Optimize Databricks Clusters Based on Cost and Performance

A case study on how optimizing Databricks clusters can help reduce costs and accelerate runtimes

Databricks is increasingly one of the most popular platforms to run Apache Spark, as it provides a relatively friendly interface that allows data scientists to focus on the development of the analytical workloads—and efficiently build extract load transform (ELT) type operations. The multiple options it provides, by virtue of being built on top of Apache Spark, like supported languages (Java, Python, Scala, R, and SQL) and rich libraries (MLlib, graphX, sparknlp ) makes it a very attractive choice for a data compute platform.

That said, without careful consideration when creating clusters to run big data workloads, costs and runtime can easily expand beyond initial assumptions. And despite its importance, adjusting proper compute parameters is both time intensive and not immediately clear to new users.

Configuring compute infrastructure for Databricks to hit cost/performance goals can be daunting. We have been approached by many mid-sized B2B data service providers who have had the desire to improve their Databricks usage. Since their customer’s product is data, their Databricks bill and engineering time directly impacts their profit margin.

After careful investigation, we have been able to provide guidance on several workloads. Read below to see our explanation into Databricks parameters, and our case study showing how we reduced Databricks cost by increasing cluster efficiency and runtime.

First off, what are clusters in Databricks?

Databricks defines clusters as ”a set of computation resources and configurations on which you run data engineering, data science, and data analytics workloads.” In plain English this means a Databricks cluster is a combination of hardware and virtual instructions that can execute your Databricks code, referred to as your “workload”, within your Databricks workspace. They are the backbone of you get things done.

A cluster to run Databricks jobs is composed of a single driver node and possibly multiple worker nodes. Nodes themselves have hardware sucb as a CPU, memory, DISKs and cashe, used to host Spark and manage clusters. Databricks clusters can come in many forms such as notebooks (which are a set of commands) automated jobs, delta-live tables, and SQL queries. These cluster types often come in different pricing tiers.

Specific instance types must be selected for each driver or group of workers, of which there are hundreds of possible options. Selecting which cluster type to use, the pricing, cluster policies, autoscaling, and even which Databricks runtime can be a daunting task when running standard ETL pipelines.

In order to run any of those workloads, a user must first create clusters from their cloud provider, such as AWS, Microsoft Azure Databricks, or Google Cloud. Which type of cluster you create depends on everything from your data lake and Databricks runtime version to your individual workflow.

Below we go through cluster types and cluster modes and how to understand and select the type appropriate for your needs.

The Importance of Cluster Modes and Clusters Types In Databricks

When referencing clusters in Databricks, you’ll hear reference to both cluster type and cluster mode.
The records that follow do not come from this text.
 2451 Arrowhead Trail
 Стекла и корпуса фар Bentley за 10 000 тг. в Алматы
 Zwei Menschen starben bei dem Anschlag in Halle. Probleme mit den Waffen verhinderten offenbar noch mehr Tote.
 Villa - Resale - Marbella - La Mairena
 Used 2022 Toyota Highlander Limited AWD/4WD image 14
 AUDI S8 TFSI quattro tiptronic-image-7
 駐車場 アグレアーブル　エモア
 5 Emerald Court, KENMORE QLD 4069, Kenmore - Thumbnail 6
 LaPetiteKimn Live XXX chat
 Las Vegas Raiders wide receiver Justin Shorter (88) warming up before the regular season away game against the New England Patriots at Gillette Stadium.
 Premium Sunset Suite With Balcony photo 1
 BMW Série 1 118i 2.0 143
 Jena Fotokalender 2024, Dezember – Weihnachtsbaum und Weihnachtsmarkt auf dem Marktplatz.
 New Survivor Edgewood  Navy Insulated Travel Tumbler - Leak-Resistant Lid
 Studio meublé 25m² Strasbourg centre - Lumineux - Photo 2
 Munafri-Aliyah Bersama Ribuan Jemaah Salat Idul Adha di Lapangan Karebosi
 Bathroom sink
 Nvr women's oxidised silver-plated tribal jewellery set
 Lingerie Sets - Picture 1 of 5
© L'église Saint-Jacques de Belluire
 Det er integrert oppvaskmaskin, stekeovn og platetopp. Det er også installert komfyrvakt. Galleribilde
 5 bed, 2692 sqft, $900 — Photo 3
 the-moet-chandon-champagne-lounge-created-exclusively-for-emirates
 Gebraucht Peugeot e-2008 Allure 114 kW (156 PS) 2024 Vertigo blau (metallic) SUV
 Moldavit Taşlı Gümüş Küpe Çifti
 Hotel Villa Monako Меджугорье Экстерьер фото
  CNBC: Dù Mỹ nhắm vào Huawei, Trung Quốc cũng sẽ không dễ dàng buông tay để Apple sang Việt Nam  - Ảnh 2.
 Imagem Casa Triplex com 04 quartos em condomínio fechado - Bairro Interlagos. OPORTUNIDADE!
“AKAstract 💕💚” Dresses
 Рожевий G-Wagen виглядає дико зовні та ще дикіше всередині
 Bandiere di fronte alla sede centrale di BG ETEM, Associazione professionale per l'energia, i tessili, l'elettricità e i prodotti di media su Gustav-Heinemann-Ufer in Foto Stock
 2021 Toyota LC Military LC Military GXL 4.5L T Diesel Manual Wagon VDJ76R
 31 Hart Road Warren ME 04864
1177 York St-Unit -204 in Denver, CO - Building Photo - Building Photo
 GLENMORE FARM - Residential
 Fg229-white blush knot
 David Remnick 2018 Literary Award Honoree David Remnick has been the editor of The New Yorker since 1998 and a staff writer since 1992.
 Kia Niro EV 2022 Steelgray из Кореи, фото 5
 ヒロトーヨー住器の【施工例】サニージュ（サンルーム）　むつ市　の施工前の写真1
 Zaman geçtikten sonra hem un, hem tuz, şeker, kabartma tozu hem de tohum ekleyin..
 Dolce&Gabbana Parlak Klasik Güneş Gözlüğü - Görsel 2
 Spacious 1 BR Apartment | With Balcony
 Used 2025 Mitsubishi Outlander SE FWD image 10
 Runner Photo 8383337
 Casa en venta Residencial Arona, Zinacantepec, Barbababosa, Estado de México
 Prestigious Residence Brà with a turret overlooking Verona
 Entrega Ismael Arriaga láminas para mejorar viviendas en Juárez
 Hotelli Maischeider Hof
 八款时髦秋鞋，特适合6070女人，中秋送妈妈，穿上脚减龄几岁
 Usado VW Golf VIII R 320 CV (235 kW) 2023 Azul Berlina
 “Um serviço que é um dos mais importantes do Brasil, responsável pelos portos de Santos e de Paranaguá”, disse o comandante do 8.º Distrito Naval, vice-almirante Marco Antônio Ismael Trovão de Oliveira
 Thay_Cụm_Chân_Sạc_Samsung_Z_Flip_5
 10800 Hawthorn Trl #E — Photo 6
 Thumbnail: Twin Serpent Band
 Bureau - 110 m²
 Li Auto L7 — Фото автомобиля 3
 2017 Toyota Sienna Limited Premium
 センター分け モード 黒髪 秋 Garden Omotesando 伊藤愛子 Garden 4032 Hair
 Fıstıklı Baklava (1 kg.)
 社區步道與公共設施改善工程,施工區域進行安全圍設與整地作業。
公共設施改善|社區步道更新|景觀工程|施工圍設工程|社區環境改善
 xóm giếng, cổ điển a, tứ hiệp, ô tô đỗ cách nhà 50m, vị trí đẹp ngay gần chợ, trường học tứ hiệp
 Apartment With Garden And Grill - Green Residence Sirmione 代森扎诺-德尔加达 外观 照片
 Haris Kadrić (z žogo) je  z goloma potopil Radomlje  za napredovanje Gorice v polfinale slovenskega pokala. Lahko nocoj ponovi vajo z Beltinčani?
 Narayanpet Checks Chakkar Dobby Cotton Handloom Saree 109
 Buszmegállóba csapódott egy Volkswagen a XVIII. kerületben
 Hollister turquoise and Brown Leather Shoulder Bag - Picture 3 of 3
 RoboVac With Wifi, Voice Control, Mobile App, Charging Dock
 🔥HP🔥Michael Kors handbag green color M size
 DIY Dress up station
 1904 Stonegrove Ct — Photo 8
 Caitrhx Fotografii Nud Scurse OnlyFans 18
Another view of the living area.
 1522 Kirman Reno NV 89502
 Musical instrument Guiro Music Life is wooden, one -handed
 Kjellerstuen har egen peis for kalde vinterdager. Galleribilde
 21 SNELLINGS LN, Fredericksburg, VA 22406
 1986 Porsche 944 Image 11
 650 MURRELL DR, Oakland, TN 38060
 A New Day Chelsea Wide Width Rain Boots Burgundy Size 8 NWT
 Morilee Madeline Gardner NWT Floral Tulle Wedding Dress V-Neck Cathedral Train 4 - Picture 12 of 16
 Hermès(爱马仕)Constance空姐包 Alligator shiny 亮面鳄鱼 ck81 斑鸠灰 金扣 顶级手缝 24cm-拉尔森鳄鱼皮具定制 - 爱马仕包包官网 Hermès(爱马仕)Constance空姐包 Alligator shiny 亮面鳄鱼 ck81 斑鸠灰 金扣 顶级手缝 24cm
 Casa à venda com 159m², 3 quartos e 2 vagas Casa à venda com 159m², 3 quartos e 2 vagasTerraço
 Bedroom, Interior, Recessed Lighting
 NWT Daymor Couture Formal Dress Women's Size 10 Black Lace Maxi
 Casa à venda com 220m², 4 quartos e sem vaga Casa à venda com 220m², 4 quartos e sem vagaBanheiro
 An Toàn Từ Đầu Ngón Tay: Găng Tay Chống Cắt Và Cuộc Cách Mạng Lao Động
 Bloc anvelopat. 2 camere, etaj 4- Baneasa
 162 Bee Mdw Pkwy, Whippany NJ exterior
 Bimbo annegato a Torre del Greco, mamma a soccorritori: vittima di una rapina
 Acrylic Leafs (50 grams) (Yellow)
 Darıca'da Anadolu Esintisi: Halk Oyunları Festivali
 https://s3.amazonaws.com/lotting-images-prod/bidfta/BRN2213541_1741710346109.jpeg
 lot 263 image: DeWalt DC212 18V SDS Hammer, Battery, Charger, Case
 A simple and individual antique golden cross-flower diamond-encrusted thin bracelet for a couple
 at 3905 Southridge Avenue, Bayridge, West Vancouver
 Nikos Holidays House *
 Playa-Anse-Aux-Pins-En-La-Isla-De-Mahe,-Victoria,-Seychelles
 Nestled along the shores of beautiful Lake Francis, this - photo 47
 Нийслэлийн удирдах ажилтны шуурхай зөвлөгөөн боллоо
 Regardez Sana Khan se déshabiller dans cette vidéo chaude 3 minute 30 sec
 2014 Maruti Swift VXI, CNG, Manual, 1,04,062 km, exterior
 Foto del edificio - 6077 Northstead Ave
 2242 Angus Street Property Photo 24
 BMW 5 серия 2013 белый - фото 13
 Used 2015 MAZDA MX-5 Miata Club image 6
It’s important to understand the difference to get high performance in your jobs.

There are two many cluster types: interactive (or all-purpose cluster) and job cluster.

Interactive clusters allow you to analyze data collaboratively with interactive notebooks, and can be created using the Databricks UI via notebooks.
Job clusters on the other hand are designed to fun fast automated workloads, such as ones using an API. Job clusters are created whenever you create a new job via CLI or Rest API. For this reason, interactive clusters can be stopped and restarted while job clusters must terminate once the job ends and cannot be restarted.

Cluster modes on the other hand refer more to the shared usage and permissions of a cluster.

Standard clusters (now called “No Isolation Shared Access Mode”) are the defaults and can be used with Python, R, Scala and SQL. They can be shared by multiple users with no isolation between the users.
High concurrency clusters (now called “Shared Access Mode”) are cloud-managed resources, meaning they share virtual machines across the network to provide maximum resource utilization for each notebook. This is used both for minimum query latency, as well as for users to utilize table access control, which is not supported in standard clusters. Workloads supported in these modes of clusters are in Python, SQL and R.
Lastly, single node clusters have only one node for the driver. As the name implies, this is for a single user and in this mode, the spark job runs on the driver note itself—as there is no worker node available in this job

Standard clusters and single nodes terminate after 120 minutes by default, whereas high concurrency clusters do not. It’s important to note the mode during the cluster creation process as it cannot be changed and you must create a new cluster to update the mode.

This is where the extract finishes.